Embodiment A refrigeration system according to an embodiment of the present invention will be described below with reference to the drawings.

1 and 2 show an embodiment of the refrigeration system of the present invention, 13 is a refrigerator main body, 14 is a compressor that makes the inside of the container high pressure, 15 is a first suction pipe, and the refrigerator main body 13 A trap 15a is provided below to prevent vibrations from propagating to. Numeral 16 is a damping material attached for vibration isolation, similar to the trap 15a, and is made of a heat insulating material such as butyl rubber.

Further, 17 is an accumulator connected to the first suction pipe, and 18 is the accumulator 17.
a second suction pipe connected to the compressor 14;
It is connected to the.

Reference numerals 19 and 20 represent a refrigerant and oil sealed in the refrigeration apparatus, respectively, and 21 represents a bottom plate of the refrigerator on which the compressor is mounted.

The operation of the refrigeration system configured as described above will be explained below.

As described in the embodiment, when the compressor 14 is stopped, the accumulator 17 and the second suction pipe 18 are
The inside is filled with oil 20, and the upper part of the first suction pipe 15 and the accumulator 17 is filled with a relatively dense refrigerant 19 with a well-balanced high and low pressure.

Next, when the compressor 14 starts operating from this state, first, the oil 20 in the accumulator 17 and the second suction pipe 13 is sucked into the compressor 14, and then the oil 20 in the first suction pipe 15 and Since the refrigerant 19 in the upper part of the accumulator 17 is sucked into the compressor 14, the first suction pipe 15 is very cooled.

However, the trap 1 of the first suction pipe 15
Since the lower end of 5a is covered with a damping material 16 having heat insulating properties such as butyl rubber, frost does not form.
Also, the first suction pipe 1 excluding the tip of the trap 15a
As the operation becomes steady, the frost that has arrived at the trap 15 will replace dew and flow downward due to the heat of the compressor 14 and the temperature rise of the refrigerant 19 itself.
It is dammed by the damping material 16 attached to the lower end of the trap 15a, and accumulates at the upper part of the damping material 16 without reaching the lower end of the trap 15a, and eventually the temperature of the refrigerant 19 itself in the compressor 14 and the first suction pipe 15 rises. evaporates due to

As described above, according to this embodiment, the damping material 16 attached to the lower end of the trap 15a of the first suction pipe 15 can prevent water droplets from falling down the first suction pipe. Refrigerator bottom plate 2
It is possible to prevent the occurrence of rust and water droplets from falling onto the floor.

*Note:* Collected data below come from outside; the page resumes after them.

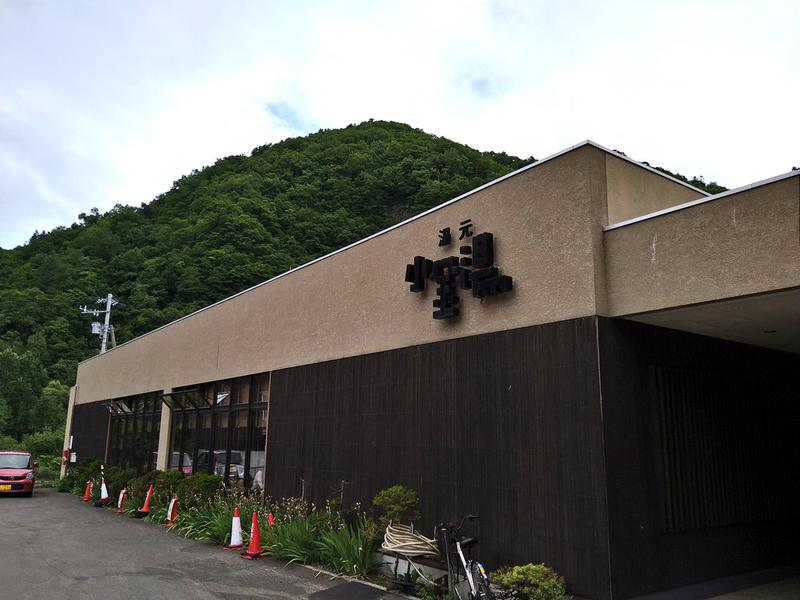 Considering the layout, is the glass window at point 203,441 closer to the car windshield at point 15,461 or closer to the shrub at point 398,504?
the shrub at point 398,504

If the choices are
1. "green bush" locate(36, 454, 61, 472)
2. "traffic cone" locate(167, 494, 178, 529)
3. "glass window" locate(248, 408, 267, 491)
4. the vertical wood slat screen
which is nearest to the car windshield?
"traffic cone" locate(167, 494, 178, 529)

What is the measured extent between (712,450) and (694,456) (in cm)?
44

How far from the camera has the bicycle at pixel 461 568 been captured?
661cm

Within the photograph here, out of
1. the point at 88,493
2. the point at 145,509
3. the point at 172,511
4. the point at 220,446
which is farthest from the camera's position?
the point at 88,493

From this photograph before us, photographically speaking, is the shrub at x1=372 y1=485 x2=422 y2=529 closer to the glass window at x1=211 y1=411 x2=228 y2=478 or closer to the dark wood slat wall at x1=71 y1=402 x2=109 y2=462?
the glass window at x1=211 y1=411 x2=228 y2=478

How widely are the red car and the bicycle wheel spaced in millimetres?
20263

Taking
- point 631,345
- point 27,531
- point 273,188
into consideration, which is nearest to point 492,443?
point 631,345

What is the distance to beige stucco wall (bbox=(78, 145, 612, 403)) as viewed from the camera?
7.49m

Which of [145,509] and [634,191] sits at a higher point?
[634,191]

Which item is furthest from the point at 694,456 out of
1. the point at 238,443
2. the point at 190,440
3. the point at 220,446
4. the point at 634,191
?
the point at 190,440

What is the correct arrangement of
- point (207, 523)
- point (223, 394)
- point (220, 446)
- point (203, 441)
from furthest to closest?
point (203, 441), point (223, 394), point (220, 446), point (207, 523)

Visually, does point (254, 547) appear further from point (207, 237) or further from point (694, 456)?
point (207, 237)

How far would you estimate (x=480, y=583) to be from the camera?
21.9ft

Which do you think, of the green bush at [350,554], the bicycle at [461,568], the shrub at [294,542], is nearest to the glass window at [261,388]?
the shrub at [294,542]
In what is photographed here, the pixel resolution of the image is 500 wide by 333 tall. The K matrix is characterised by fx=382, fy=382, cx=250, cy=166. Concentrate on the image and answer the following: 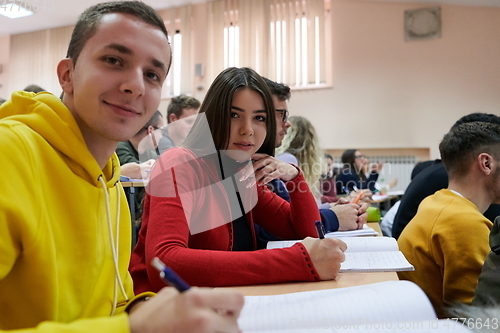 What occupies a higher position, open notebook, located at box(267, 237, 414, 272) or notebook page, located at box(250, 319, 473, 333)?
notebook page, located at box(250, 319, 473, 333)

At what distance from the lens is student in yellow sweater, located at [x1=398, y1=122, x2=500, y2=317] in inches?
46.8

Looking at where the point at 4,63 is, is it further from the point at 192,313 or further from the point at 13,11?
the point at 192,313

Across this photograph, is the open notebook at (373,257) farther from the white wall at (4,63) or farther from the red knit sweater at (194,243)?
the white wall at (4,63)

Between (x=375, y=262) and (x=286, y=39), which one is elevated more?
(x=286, y=39)

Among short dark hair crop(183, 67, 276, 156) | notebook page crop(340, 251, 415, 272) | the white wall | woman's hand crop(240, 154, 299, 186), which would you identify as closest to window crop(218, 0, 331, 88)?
the white wall

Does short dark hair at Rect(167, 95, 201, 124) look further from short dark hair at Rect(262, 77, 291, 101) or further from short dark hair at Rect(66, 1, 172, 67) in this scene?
short dark hair at Rect(66, 1, 172, 67)

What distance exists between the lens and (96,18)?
0.72m

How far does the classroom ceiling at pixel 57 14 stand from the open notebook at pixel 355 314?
5.76 m

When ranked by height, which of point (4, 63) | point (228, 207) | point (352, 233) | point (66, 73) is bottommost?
point (352, 233)

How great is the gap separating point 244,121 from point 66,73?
2.08ft

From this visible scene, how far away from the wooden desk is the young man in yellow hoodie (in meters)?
0.24

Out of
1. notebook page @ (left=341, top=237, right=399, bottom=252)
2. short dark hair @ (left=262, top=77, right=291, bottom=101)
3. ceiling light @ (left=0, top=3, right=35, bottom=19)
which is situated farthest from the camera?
ceiling light @ (left=0, top=3, right=35, bottom=19)

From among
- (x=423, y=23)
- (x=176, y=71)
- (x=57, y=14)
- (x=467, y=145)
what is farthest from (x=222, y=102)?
(x=57, y=14)

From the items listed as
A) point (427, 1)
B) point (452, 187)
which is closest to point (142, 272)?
point (452, 187) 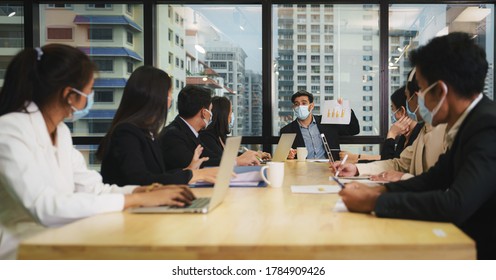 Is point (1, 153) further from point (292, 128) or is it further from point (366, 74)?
point (366, 74)

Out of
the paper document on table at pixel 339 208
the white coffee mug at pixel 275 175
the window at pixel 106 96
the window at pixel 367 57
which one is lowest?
the paper document on table at pixel 339 208

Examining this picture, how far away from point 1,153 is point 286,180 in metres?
1.33

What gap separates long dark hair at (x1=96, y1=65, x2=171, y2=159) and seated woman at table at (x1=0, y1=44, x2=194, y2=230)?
0.40 metres

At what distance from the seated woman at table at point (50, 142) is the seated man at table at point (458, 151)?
646 millimetres

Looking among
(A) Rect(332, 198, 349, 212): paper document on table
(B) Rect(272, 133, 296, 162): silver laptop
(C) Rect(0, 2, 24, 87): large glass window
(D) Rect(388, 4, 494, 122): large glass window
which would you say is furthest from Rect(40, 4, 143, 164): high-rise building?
(A) Rect(332, 198, 349, 212): paper document on table

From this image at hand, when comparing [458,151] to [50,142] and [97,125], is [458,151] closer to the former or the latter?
[50,142]

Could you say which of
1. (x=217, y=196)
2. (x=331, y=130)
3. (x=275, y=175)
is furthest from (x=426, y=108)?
(x=331, y=130)

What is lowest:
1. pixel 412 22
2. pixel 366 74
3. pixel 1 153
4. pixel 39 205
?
pixel 39 205

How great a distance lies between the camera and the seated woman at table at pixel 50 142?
133 centimetres

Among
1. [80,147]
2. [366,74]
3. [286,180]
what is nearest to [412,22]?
[366,74]

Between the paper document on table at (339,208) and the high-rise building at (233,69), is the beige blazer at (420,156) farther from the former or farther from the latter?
the high-rise building at (233,69)

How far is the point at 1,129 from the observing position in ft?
4.57

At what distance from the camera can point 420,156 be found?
2.45m

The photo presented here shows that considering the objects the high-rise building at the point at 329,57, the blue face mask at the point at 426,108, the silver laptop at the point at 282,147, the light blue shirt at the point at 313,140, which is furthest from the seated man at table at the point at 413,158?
the high-rise building at the point at 329,57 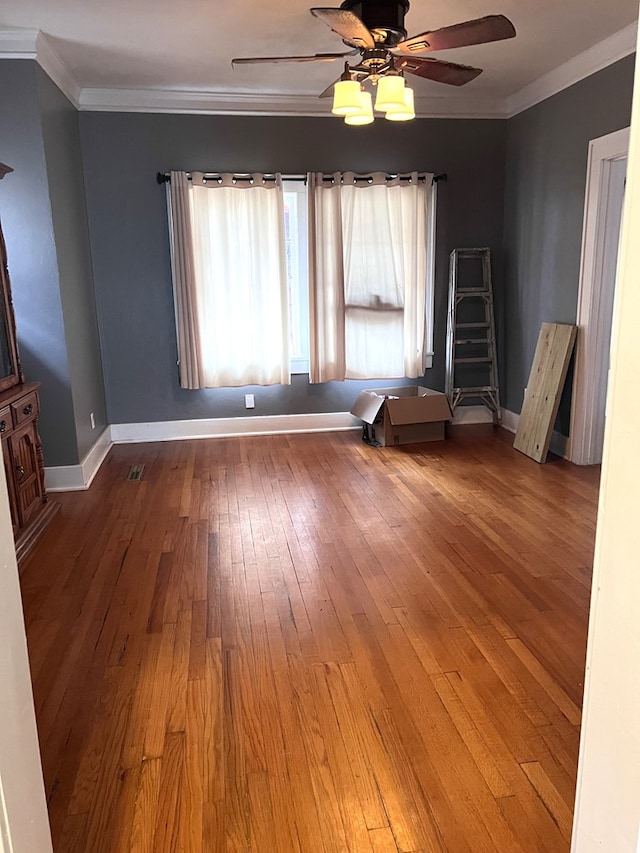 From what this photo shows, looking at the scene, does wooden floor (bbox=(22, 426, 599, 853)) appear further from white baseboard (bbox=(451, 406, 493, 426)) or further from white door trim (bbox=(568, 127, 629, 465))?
white baseboard (bbox=(451, 406, 493, 426))

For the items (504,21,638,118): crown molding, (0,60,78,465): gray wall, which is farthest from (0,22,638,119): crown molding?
(0,60,78,465): gray wall

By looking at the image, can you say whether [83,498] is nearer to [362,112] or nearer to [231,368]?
[231,368]

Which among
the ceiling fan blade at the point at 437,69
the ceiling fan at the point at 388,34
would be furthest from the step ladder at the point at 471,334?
the ceiling fan at the point at 388,34

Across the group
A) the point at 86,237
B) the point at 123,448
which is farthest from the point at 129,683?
the point at 86,237

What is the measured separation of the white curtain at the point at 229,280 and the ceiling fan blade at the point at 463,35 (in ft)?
7.50

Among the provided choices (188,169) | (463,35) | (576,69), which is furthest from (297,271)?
(463,35)

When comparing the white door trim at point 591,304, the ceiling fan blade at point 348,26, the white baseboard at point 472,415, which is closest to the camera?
the ceiling fan blade at point 348,26

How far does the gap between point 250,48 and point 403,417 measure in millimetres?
2756

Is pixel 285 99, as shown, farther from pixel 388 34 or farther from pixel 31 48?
pixel 388 34

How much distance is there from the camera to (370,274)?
17.1ft

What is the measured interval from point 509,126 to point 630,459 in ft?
17.0

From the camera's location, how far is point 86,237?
189 inches

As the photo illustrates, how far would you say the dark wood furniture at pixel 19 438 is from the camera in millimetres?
3266

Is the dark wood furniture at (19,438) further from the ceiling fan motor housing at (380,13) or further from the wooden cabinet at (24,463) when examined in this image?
the ceiling fan motor housing at (380,13) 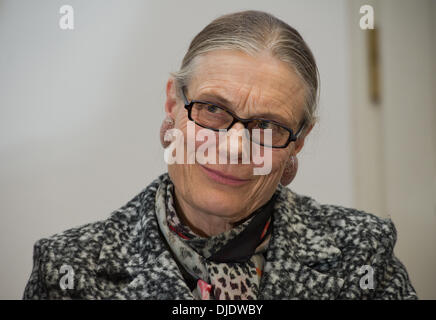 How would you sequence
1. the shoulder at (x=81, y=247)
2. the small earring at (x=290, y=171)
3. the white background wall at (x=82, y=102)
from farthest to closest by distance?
the small earring at (x=290, y=171) → the white background wall at (x=82, y=102) → the shoulder at (x=81, y=247)

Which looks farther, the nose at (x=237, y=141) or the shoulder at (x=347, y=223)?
the shoulder at (x=347, y=223)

Effects of the invention As described above, the present invention provides vibration isolation for the suction pipe by providing a damping material with heat insulating properties on the trap provided in the suction pipe of the compressor, including the lower end of the trap. It is possible to prevent water droplets from coming from the suction pipe, prevent rust from occurring on peripheral equipment, and prevent water from falling onto the floor without adding any additional water.

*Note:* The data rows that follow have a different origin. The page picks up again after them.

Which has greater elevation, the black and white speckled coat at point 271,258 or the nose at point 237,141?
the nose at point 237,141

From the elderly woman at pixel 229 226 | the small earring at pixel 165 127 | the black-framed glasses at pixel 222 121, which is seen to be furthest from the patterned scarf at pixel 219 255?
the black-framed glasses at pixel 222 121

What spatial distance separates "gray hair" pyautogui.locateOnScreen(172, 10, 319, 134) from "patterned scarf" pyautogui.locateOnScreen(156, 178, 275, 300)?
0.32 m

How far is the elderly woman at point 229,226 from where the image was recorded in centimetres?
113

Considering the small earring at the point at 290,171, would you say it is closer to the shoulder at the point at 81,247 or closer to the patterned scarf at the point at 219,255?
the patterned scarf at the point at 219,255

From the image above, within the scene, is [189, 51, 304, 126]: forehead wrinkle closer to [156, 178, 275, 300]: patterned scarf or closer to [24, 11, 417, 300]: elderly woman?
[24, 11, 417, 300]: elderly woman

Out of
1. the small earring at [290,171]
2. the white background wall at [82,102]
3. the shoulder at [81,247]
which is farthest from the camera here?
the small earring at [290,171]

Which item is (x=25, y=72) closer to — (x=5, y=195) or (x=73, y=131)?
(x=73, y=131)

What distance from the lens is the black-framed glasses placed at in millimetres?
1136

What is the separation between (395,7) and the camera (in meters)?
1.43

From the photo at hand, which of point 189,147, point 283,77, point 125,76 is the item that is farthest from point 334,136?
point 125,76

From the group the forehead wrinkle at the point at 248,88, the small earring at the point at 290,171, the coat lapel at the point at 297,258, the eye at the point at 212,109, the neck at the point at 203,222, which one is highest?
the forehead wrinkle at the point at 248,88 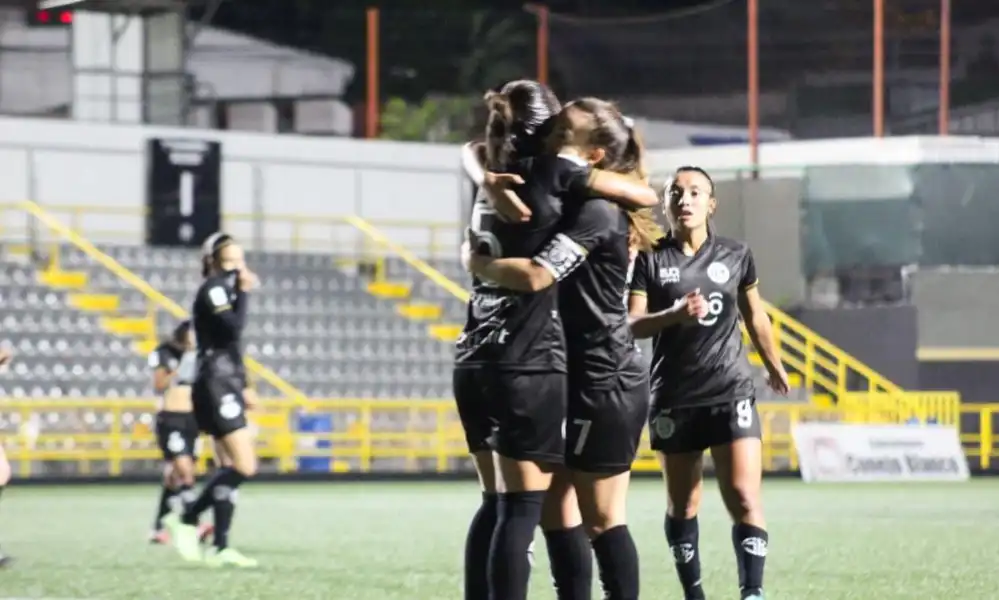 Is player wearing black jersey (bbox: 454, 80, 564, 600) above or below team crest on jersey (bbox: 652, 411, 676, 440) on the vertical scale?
above

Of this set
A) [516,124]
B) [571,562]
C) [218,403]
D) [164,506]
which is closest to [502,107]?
[516,124]

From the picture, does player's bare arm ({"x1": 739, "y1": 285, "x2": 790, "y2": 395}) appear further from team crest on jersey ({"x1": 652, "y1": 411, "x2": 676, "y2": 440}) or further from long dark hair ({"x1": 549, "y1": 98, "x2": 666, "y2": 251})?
long dark hair ({"x1": 549, "y1": 98, "x2": 666, "y2": 251})

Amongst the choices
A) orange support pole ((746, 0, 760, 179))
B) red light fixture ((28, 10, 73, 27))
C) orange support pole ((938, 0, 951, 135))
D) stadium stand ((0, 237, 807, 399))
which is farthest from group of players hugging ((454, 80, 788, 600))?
orange support pole ((938, 0, 951, 135))

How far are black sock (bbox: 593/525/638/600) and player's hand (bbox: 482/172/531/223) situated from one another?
3.94 feet

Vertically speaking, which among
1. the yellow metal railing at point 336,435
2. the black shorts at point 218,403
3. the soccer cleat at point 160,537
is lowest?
the yellow metal railing at point 336,435

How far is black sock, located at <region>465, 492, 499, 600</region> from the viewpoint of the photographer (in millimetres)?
7461

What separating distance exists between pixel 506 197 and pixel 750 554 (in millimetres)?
2736

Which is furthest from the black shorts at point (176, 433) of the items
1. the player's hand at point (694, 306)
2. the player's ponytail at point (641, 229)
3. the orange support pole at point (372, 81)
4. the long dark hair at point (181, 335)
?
the orange support pole at point (372, 81)

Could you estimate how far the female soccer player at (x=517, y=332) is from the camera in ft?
22.7

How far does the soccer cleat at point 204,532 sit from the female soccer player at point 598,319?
694cm

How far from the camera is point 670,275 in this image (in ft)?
30.1

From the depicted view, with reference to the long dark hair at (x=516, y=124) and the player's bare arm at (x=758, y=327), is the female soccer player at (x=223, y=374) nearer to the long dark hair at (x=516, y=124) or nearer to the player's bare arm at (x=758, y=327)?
the player's bare arm at (x=758, y=327)

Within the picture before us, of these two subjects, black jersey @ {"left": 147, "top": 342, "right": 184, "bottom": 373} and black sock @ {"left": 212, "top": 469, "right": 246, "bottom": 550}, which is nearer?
black sock @ {"left": 212, "top": 469, "right": 246, "bottom": 550}

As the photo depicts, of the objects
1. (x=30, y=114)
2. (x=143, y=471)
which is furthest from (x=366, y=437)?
(x=30, y=114) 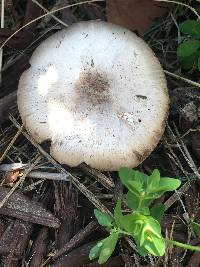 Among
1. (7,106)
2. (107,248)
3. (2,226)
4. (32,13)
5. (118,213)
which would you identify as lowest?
(2,226)

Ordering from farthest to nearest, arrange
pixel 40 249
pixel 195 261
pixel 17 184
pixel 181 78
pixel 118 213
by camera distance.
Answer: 1. pixel 181 78
2. pixel 17 184
3. pixel 40 249
4. pixel 195 261
5. pixel 118 213

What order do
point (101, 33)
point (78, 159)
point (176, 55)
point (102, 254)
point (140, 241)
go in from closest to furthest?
1. point (140, 241)
2. point (102, 254)
3. point (78, 159)
4. point (101, 33)
5. point (176, 55)

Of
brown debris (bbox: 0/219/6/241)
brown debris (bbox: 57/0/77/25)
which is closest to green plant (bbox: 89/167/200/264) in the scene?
brown debris (bbox: 0/219/6/241)

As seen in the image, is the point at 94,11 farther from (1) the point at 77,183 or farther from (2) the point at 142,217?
(2) the point at 142,217

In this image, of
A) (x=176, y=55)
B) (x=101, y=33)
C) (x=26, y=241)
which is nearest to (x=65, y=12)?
(x=101, y=33)

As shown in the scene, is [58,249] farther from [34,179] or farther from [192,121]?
[192,121]

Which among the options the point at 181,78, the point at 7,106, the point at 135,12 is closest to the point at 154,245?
the point at 181,78

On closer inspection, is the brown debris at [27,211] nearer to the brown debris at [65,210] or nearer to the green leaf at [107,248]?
the brown debris at [65,210] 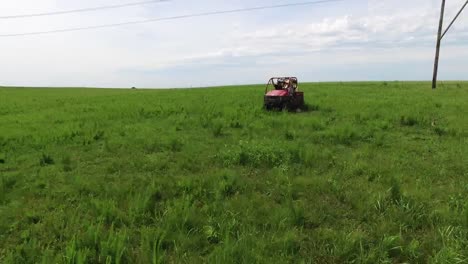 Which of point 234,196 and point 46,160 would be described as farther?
point 46,160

[Brief explanation of the drawing]

FIG. 1 is a front view showing details of a refrigeration system in an embodiment of the present invention, FIG. 2 is an overall perspective view of FIG. 1,
Figure 3 is a system piping diagram of a conventional refrigeration system;
The figure is a front view showing details of a conventional refrigeration system. 14... Compressor, 15... First suction pipe, 15
a... Trap, 16... Damping material, 17...
...accumulator, 18...second suction pipe.

Claims (1)

[Scope of utility model registration request] A compressor that has a high pressure inside the container, a first suction pipe equipped with a substantially U-shaped trap, an accumulator connected to the first suction pipe, and a space between the accumulator and the compressor. A refrigeration system comprising a second suction pipe connected to the first suction pipe, and a damping material having heat insulating properties attached to cover the first suction pipe including the lower end of the trap.